Write out each record exactly as it stands. No pictures belong in the copy.

* **Data supplied**
◆ ◆ ◆ ◆ ◆ ◆ ◆

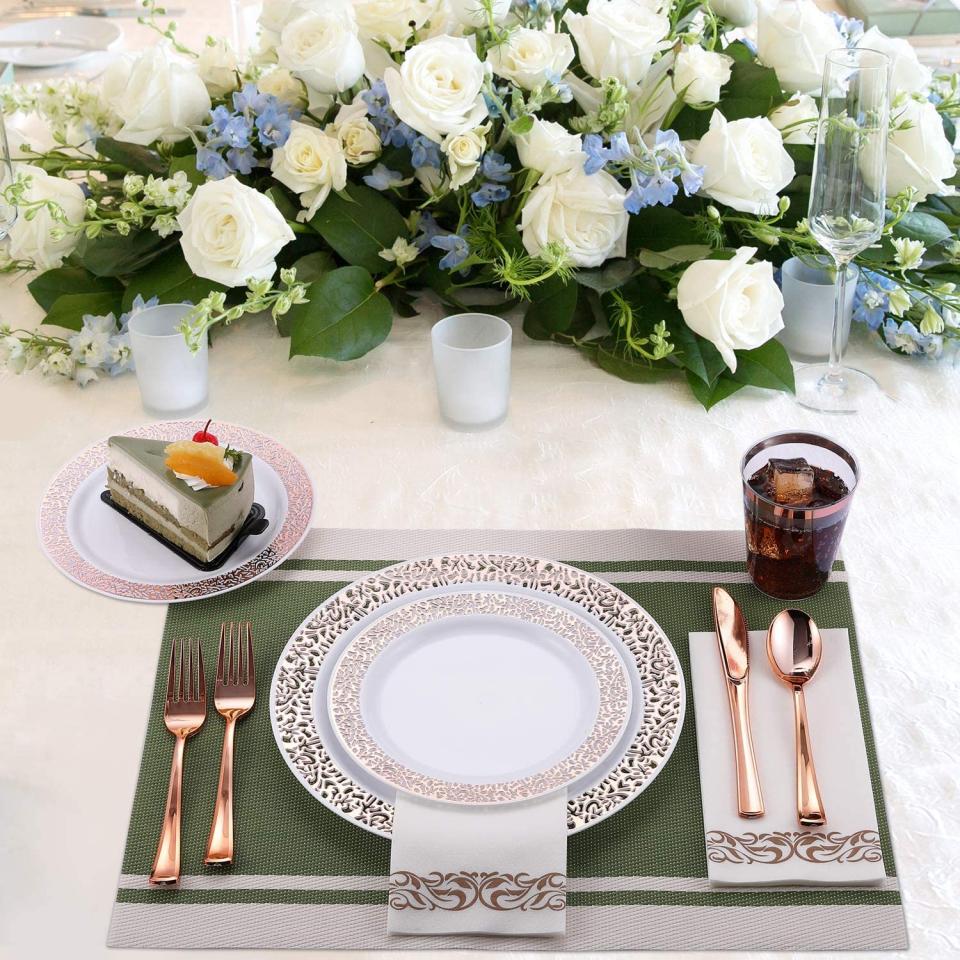 Aiwanto 175Pcs Disposable Dinner Set Dinnerware Set Rose Gold Lace Design Plate Spoon Set for Birthday Anniversary Christmas Party Accessories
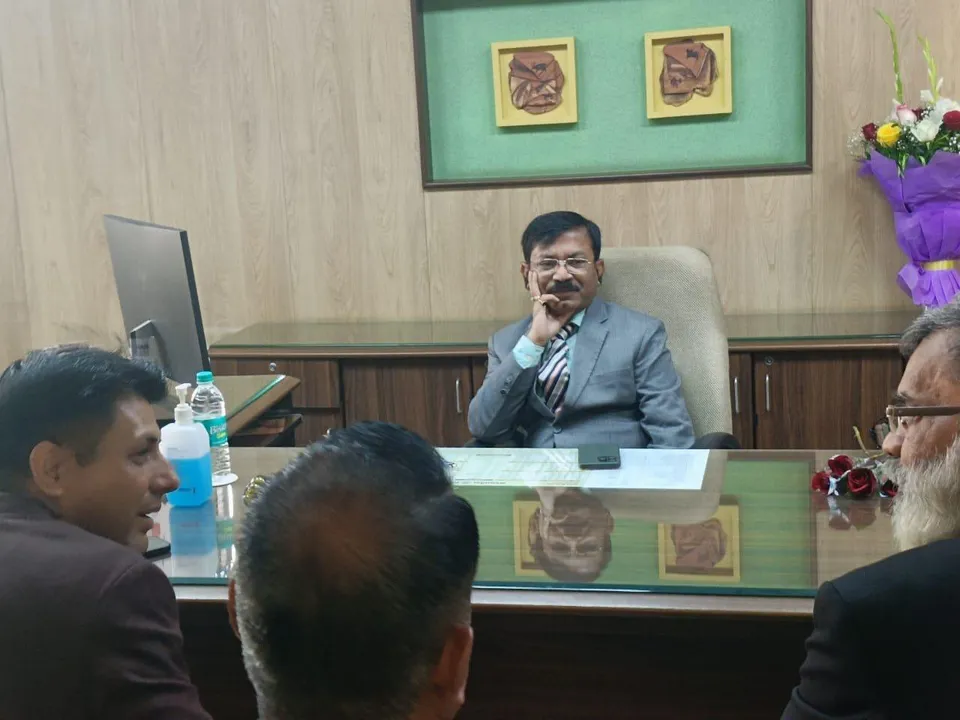  मनोज श्रीवास्तव ने संभाला राज्य निर्वाचन आयुक्त का पदभार: चुनाव प्रक्रिया में नवाचारों पर जोर" 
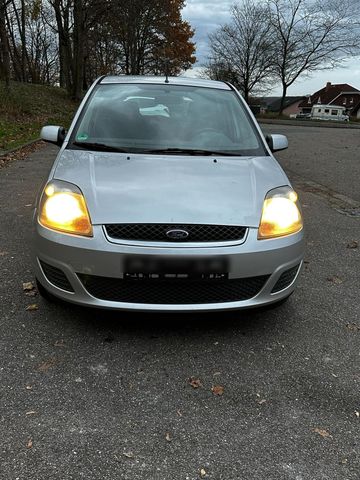 Ford Fiesta Style 2 Hand Tüv 07/25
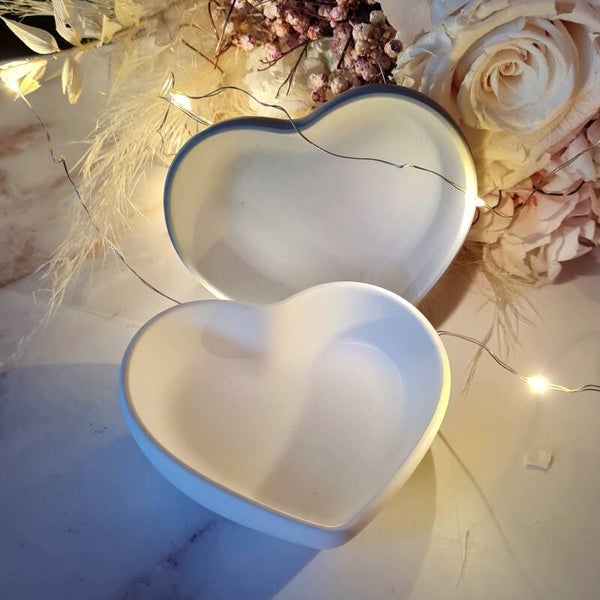 Handgegossene kleine Herzschale – kleines Stück Liebe für Ihr Zuhause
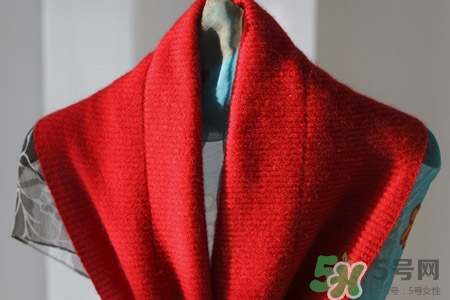 羊絨圍巾掉毛怎么辦？羊絨圍巾掉毛怎么處理？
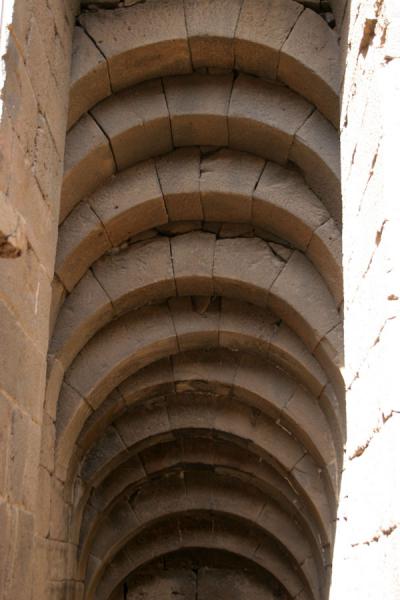 Picture of Bosra amphitheatre: the theatre seen from behind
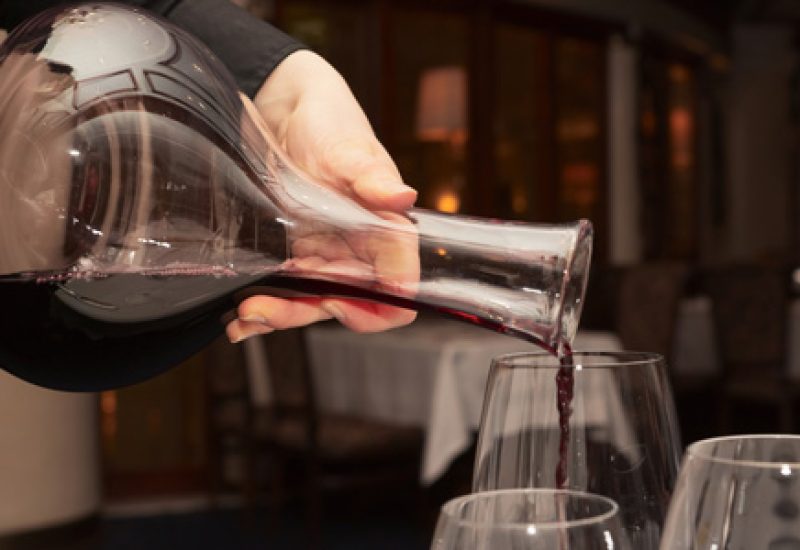 when to decant a bottle of wine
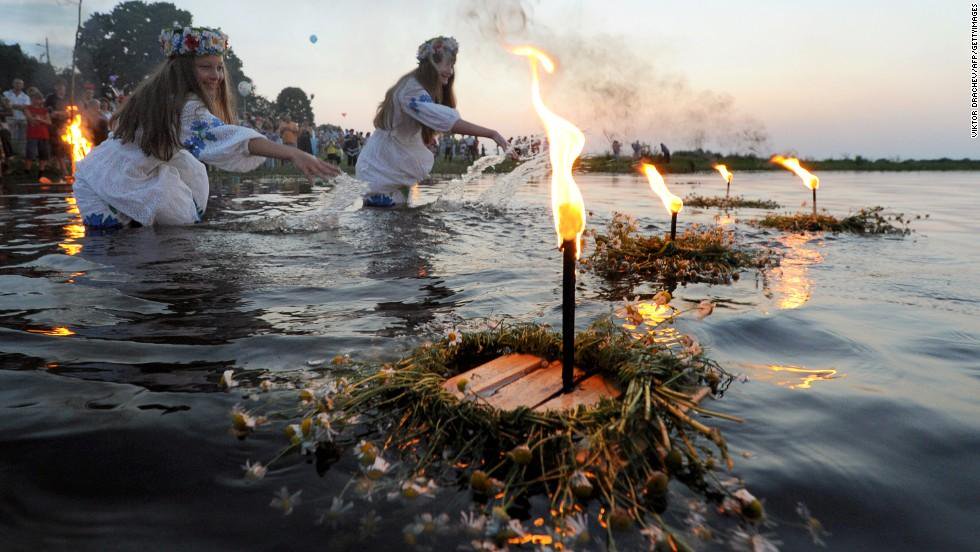Пускание свечей по воде — обычай, свойственный празднику летнего солнестояния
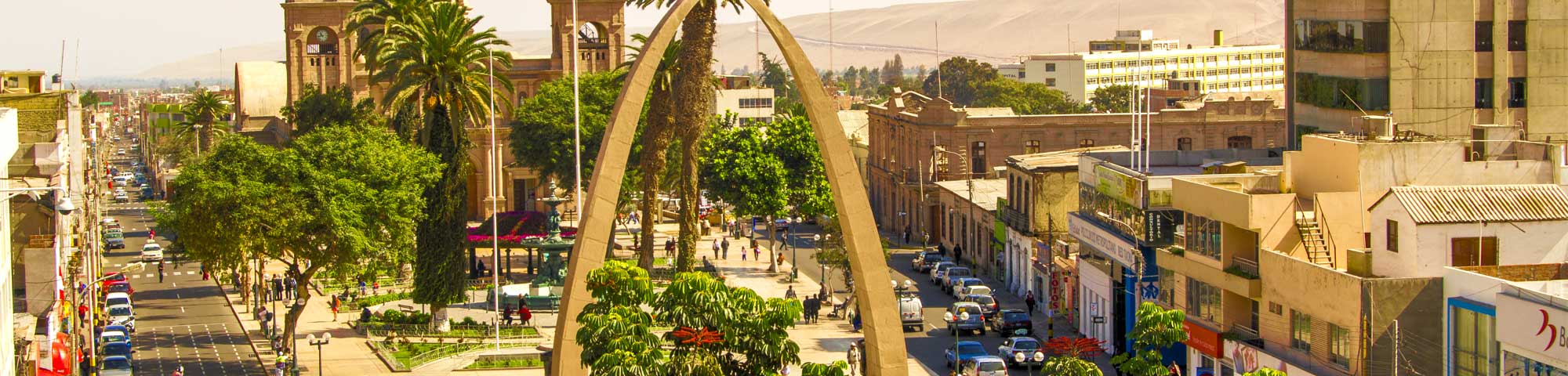 Tacna: Larga cola de vehículos para cruzar la frontera al Perú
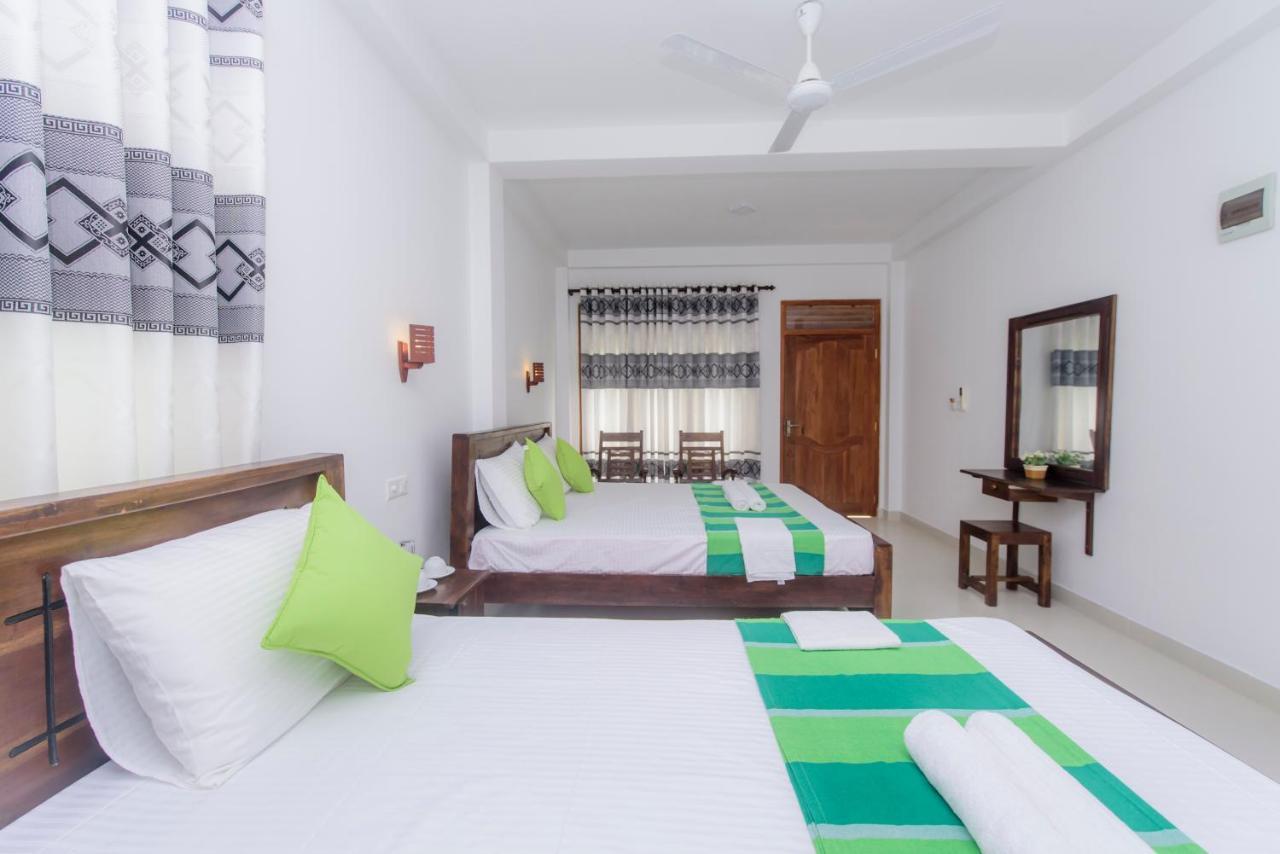 Scenery River Star Hotel ฮิกคาดูวา ภายนอก รูปภาพ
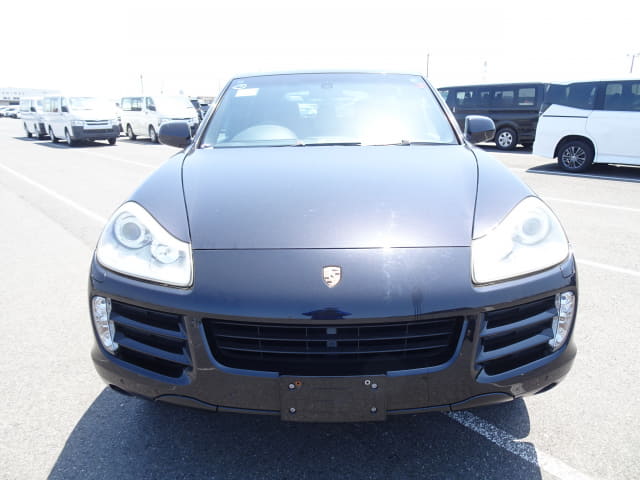 Porsche Cayenne thumbnail 8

◆ ◆ ◆ ◆ ◆ ◆ ◆

* **Answer space**
 Aiwanto 175Pcs Disposable Dinner Set Dinnerware Set Rose Gold Lace Design Plate Spoon Set for Birthday Anniversary Christmas Party Accessories
  मनोज श्रीवास्तव ने संभाला राज्य निर्वाचन आयुक्त का पदभार: चुनाव प्रक्रिया में नवाचारों पर जोर" 
 Ford Fiesta Style 2 Hand Tüv 07/25
 Handgegossene kleine Herzschale – kleines Stück Liebe für Ihr Zuhause
 羊絨圍巾掉毛怎么辦？羊絨圍巾掉毛怎么處理？
 Picture of Bosra amphitheatre: the theatre seen from behind
 when to decant a bottle of wine
Пускание свечей по воде — обычай, свойственный празднику летнего солнестояния
 Tacna: Larga cola de vehículos para cruzar la frontera al Perú
 Scenery River Star Hotel ฮิกคาดูวา ภายนอก รูปภาพ
 Porsche Cayenne thumbnail 8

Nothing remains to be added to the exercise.